Rating
Reviews and Comments
Adrian Lyne's adaptation of Vladimir Nabokov's novel of the same name was almost never distributed in the United States -- no major studio wanted to touch this story about a middle aged pedophile. This is understandable but regrettable: we live in times when we are offended by subject matter irrespective of its context. This bleak tragedy could scarcely be a more vivid exploration of how pedophilia destroys lives. Perhaps the characters are too real to be comfortable to watch. None of the characters are villainized in the traditional sense. The film is too perceptive for that. It gets inside the heads of these characters we'd rather not empathize with. That they have feelings and obsessions we can identify with is horrifying, but it illustrates a harsh point: take one piece out of a healthy, well-adjusted individual and replace it with something warped and twisted, and the whole picture turns ugly.

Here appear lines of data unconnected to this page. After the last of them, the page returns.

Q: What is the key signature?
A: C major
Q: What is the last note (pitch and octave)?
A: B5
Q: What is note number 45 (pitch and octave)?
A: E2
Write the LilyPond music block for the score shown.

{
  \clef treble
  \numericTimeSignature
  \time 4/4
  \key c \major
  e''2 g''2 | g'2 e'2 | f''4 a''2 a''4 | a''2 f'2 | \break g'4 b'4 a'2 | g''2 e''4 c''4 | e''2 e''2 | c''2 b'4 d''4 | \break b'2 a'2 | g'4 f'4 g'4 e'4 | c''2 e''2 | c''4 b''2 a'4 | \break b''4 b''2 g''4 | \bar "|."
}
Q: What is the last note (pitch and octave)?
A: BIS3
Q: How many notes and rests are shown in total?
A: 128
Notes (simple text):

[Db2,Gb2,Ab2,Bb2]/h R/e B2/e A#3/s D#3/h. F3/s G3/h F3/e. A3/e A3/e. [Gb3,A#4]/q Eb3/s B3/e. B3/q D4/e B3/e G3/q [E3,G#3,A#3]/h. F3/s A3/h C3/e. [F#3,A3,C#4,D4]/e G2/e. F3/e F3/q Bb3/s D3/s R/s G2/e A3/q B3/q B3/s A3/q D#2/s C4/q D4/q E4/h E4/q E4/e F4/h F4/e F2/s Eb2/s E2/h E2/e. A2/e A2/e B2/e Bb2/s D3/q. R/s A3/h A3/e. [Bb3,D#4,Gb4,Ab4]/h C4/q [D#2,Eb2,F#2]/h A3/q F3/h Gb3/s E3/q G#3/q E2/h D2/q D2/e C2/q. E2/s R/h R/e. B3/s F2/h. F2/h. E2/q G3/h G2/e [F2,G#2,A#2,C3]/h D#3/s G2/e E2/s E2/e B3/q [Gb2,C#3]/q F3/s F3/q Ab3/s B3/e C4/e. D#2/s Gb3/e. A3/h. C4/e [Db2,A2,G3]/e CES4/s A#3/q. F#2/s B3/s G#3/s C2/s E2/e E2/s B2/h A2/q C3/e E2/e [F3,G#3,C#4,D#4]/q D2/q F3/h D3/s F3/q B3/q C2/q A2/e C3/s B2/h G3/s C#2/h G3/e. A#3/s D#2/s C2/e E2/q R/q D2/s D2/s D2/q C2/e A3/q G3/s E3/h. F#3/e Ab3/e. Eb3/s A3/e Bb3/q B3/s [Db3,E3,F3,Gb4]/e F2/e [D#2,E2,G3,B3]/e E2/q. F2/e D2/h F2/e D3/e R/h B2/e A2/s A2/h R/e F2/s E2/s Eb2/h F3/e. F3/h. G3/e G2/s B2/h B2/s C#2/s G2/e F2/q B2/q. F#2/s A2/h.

Stanley Kubrick filmed an adaptation of the novel in 1962, using a screenplay Nabokov himself wrote. I haven't read the novel, but I'm told this 1997 film is more faithful to it than Nabokov's own 1962 screenplay. It can't be more faithful by much: the two films are close to identical in story and structure, the only big difference being Peter Sellers' bizarrely entertaining but distracting left-field portrayal of a minor character. The important differences are in the details: James Mason does a better job playing the pedophile Humbert Humbert in the original, but this film gives Jeremy Irons more room to make the collapse of the character more tangible; for that matter, the Lolita's character arc is served better here as well. The changing times that allow the 1997 more room to address the graphic elements of the theme both help and hurt it. Lyne shows admirable restraint, but somehow the hints and insinuations in the 1962 film make it that much more haunting. Ultimately, Kubrick's film wins: it's a cuttingly ironic morality play with overtones of black comedy that somehow amount to a powerful crystal clear vision of astonishing singularity. This one hurts itself by grounding itself too much in reality: it does what it sets out to do, but it doesn't accomplish more than that.
But it's unfair to discount one film with an unfavorable comparison to another, especially when it's such a close race. The fact is that this is an unsettling but powerful story about characters that do, sadly, exist in the world. It's uncanny how real these characters feel, especially Lolita herself, an unnatural but horrifyingly plausible amalgam of woman and child.